Collected data
%%

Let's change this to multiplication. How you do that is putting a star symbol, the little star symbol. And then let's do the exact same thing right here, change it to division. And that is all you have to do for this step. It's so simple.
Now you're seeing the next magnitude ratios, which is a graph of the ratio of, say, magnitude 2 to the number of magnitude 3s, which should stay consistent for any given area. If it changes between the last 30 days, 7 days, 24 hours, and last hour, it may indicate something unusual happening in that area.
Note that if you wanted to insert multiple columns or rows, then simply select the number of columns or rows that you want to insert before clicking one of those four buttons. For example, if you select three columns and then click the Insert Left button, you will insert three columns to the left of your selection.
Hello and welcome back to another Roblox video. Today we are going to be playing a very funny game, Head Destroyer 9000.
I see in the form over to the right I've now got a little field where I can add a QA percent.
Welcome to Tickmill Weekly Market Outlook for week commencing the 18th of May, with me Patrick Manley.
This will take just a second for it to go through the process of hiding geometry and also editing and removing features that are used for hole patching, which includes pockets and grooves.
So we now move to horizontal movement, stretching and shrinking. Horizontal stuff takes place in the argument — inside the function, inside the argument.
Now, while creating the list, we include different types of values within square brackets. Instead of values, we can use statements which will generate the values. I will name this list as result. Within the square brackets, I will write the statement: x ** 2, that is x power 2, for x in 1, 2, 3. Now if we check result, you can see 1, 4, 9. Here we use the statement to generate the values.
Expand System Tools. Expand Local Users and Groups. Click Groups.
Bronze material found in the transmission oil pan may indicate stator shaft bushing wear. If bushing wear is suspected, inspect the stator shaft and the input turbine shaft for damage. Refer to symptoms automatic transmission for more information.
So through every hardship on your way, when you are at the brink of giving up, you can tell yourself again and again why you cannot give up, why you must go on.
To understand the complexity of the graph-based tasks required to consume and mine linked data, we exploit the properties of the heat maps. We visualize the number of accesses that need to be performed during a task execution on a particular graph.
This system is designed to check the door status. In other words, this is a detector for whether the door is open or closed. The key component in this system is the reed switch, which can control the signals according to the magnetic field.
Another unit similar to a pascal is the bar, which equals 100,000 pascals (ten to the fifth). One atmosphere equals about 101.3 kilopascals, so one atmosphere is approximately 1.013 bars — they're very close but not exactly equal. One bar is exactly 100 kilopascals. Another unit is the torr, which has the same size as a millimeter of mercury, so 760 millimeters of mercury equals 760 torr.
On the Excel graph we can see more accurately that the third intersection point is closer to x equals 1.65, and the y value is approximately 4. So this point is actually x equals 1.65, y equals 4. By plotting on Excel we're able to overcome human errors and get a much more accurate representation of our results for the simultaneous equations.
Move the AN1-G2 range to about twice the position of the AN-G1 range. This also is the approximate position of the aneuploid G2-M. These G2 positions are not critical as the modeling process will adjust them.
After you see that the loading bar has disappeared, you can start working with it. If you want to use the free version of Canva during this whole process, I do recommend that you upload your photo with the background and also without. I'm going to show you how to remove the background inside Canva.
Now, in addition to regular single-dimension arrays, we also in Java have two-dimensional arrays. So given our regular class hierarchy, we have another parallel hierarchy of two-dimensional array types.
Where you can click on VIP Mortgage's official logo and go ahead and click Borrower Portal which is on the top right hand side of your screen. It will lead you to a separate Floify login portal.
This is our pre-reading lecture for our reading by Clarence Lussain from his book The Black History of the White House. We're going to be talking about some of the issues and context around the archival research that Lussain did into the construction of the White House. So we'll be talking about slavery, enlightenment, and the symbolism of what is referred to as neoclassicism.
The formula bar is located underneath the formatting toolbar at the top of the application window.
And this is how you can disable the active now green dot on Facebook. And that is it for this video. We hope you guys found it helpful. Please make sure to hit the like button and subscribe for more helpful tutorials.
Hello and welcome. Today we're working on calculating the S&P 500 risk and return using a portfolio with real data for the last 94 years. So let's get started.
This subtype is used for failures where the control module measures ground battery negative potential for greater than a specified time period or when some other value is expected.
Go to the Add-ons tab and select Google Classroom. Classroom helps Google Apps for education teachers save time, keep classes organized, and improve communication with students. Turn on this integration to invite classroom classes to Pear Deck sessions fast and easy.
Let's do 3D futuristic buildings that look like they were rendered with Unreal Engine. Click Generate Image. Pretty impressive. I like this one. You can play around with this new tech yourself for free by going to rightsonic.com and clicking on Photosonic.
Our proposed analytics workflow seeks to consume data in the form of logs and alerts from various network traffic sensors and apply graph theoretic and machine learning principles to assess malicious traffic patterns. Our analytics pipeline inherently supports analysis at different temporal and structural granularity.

%%

Action item:
Without omitting anything, reproduce the whole of the data.

Exercise solution:
Let's change this to multiplication. How you do that is putting a star symbol, the little star symbol. And then let's do the exact same thing right here, change it to division. And that is all you have to do for this step. It's so simple.
Now you're seeing the next magnitude ratios, which is a graph of the ratio of, say, magnitude 2 to the number of magnitude 3s, which should stay consistent for any given area. If it changes between the last 30 days, 7 days, 24 hours, and last hour, it may indicate something unusual happening in that area.
Note that if you wanted to insert multiple columns or rows, then simply select the number of columns or rows that you want to insert before clicking one of those four buttons. For example, if you select three columns and then click the Insert Left button, you will insert three columns to the left of your selection.
Hello and welcome back to another Roblox video. Today we are going to be playing a very funny game, Head Destroyer 9000.
I see in the form over to the right I've now got a little field where I can add a QA percent.
Welcome to Tickmill Weekly Market Outlook for week commencing the 18th of May, with me Patrick Manley.
This will take just a second for it to go through the process of hiding geometry and also editing and removing features that are used for hole patching, which includes pockets and grooves.
So we now move to horizontal movement, stretching and shrinking. Horizontal stuff takes place in the argument — inside the function, inside the argument.
Now, while creating the list, we include different types of values within square brackets. Instead of values, we can use statements which will generate the values. I will name this list as result. Within the square brackets, I will write the statement: x ** 2, that is x power 2, for x in 1, 2, 3. Now if we check result, you can see 1, 4, 9. Here we use the statement to generate the values.
Expand System Tools. Expand Local Users and Groups. Click Groups.
Bronze material found in the transmission oil pan may indicate stator shaft bushing wear. If bushing wear is suspected, inspect the stator shaft and the input turbine shaft for damage. Refer to symptoms automatic transmission for more information.
So through every hardship on your way, when you are at the brink of giving up, you can tell yourself again and again why you cannot give up, why you must go on.
To understand the complexity of the graph-based tasks required to consume and mine linked data, we exploit the properties of the heat maps. We visualize the number of accesses that need to be performed during a task execution on a particular graph.
This system is designed to check the door status. In other words, this is a detector for whether the door is open or closed. The key component in this system is the reed switch, which can control the signals according to the magnetic field.
Another unit similar to a pascal is the bar, which equals 100,000 pascals (ten to the fifth). One atmosphere equals about 101.3 kilopascals, so one atmosphere is approximately 1.013 bars — they're very close but not exactly equal. One bar is exactly 100 kilopascals. Another unit is the torr, which has the same size as a millimeter of mercury, so 760 millimeters of mercury equals 760 torr.
On the Excel graph we can see more accurately that the third intersection point is closer to x equals 1.65, and the y value is approximately 4. So this point is actually x equals 1.65, y equals 4. By plotting on Excel we're able to overcome human errors and get a much more accurate representation of our results for the simultaneous equations.
Move the AN1-G2 range to about twice the position of the AN-G1 range. This also is the approximate position of the aneuploid G2-M. These G2 positions are not critical as the modeling process will adjust them.
After you see that the loading bar has disappeared, you can start working with it. If you want to use the free version of Canva during this whole process, I do recommend that you upload your photo with the background and also without. I'm going to show you how to remove the background inside Canva.
Now, in addition to regular single-dimension arrays, we also in Java have two-dimensional arrays. So given our regular class hierarchy, we have another parallel hierarchy of two-dimensional array types.
Where you can click on VIP Mortgage's official logo and go ahead and click Borrower Portal which is on the top right hand side of your screen. It will lead you to a separate Floify login portal.
This is our pre-reading lecture for our reading by Clarence Lussain from his book The Black History of the White House. We're going to be talking about some of the issues and context around the archival research that Lussain did into the construction of the White House. So we'll be talking about slavery, enlightenment, and the symbolism of what is referred to as neoclassicism.
The formula bar is located underneath the formatting toolbar at the top of the application window.
And this is how you can disable the active now green dot on Facebook. And that is it for this video. We hope you guys found it helpful. Please make sure to hit the like button and subscribe for more helpful tutorials.
Hello and welcome. Today we're working on calculating the S&P 500 risk and return using a portfolio with real data for the last 94 years. So let's get started.
This subtype is used for failures where the control module measures ground battery negative potential for greater than a specified time period or when some other value is expected.
Go to the Add-ons tab and select Google Classroom. Classroom helps Google Apps for education teachers save time, keep classes organized, and improve communication with students. Turn on this integration to invite classroom classes to Pear Deck sessions fast and easy.
Let's do 3D futuristic buildings that look like they were rendered with Unreal Engine. Click Generate Image. Pretty impressive. I like this one. You can play around with this new tech yourself for free by going to rightsonic.com and clicking on Photosonic.
Our proposed analytics workflow seeks to consume data in the form of logs and alerts from various network traffic sensors and apply graph theoretic and machine learning principles to assess malicious traffic patterns. Our analytics pipeline inherently supports analysis at different temporal and structural granularity.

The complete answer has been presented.